• WORK ITEM:
Exactly as written, retype the lines that run from the line holding "2012 Toyota Camry se" through the end of the records below. Do not include pictures.

• RECORDS FOR THE EXERCISE:

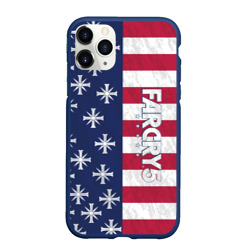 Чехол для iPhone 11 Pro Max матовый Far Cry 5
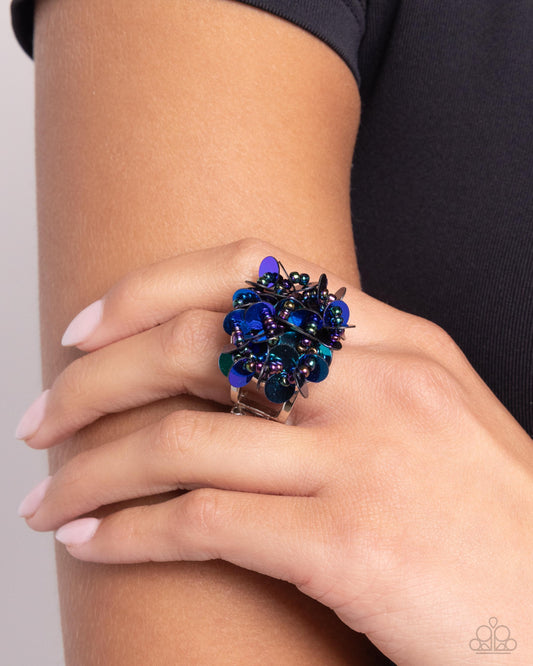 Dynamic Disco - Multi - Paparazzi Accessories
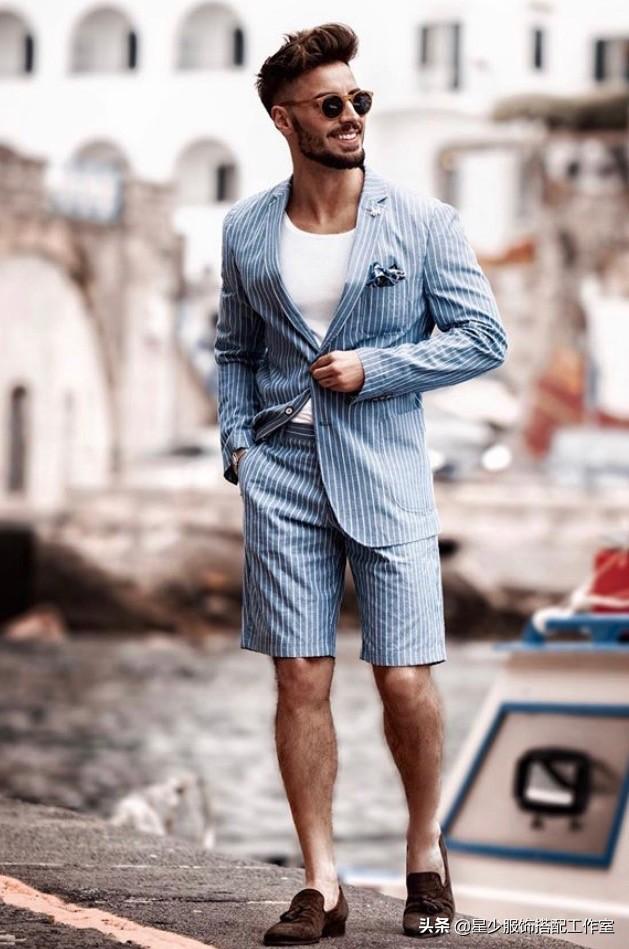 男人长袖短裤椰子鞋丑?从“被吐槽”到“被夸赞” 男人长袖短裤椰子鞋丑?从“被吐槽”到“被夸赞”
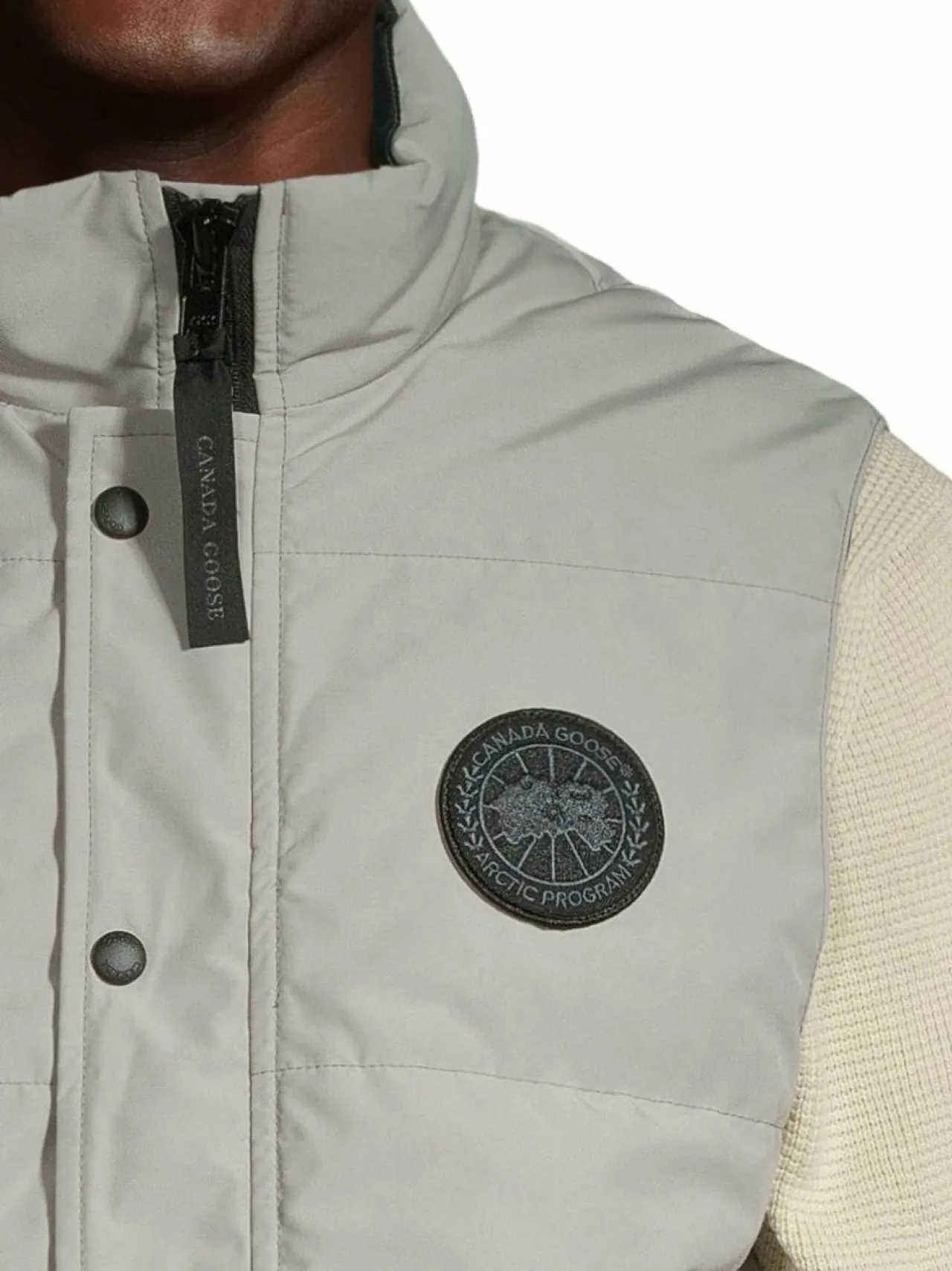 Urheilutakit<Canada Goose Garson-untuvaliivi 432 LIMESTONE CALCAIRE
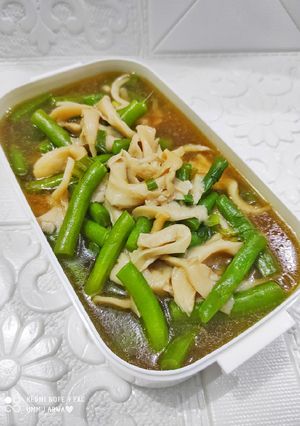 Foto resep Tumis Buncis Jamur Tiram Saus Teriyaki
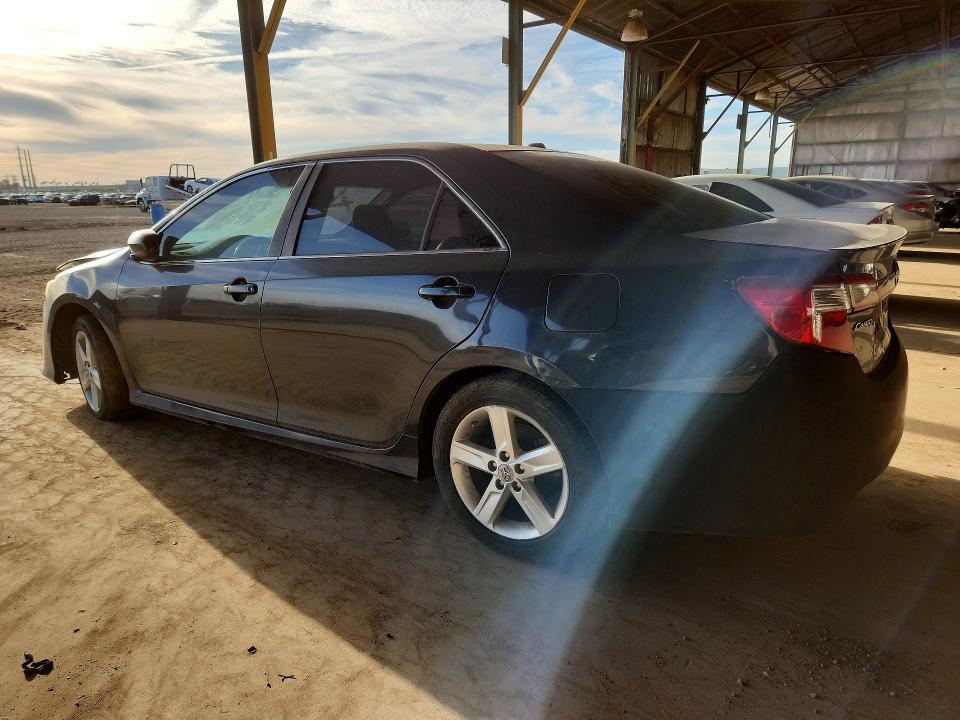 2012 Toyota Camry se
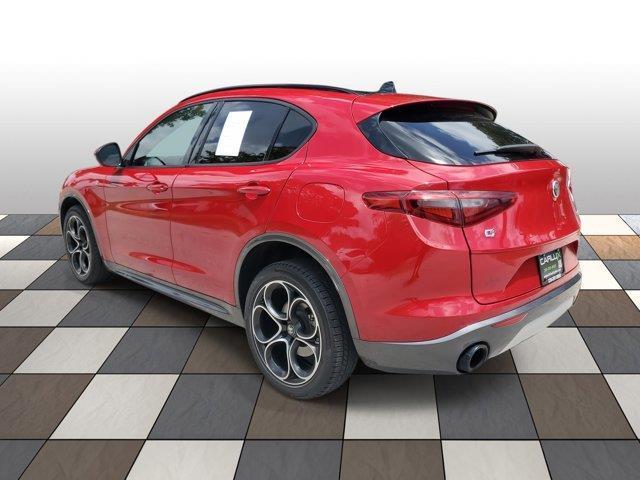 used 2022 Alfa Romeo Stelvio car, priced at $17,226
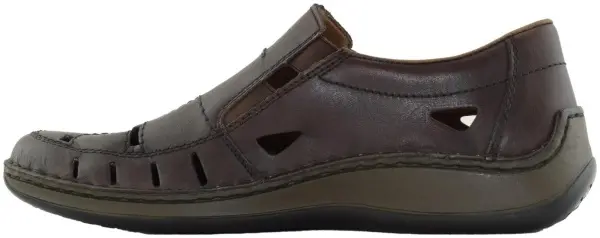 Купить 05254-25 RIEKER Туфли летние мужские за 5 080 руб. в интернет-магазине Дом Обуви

• WRITTEN SOLUTION:
 2012 Toyota Camry se
 used 2022 Alfa Romeo Stelvio car, priced at $17,226
 Купить 05254-25 RIEKER Туфли летние мужские за 5 080 руб. в интернет-магазине Дом Обуви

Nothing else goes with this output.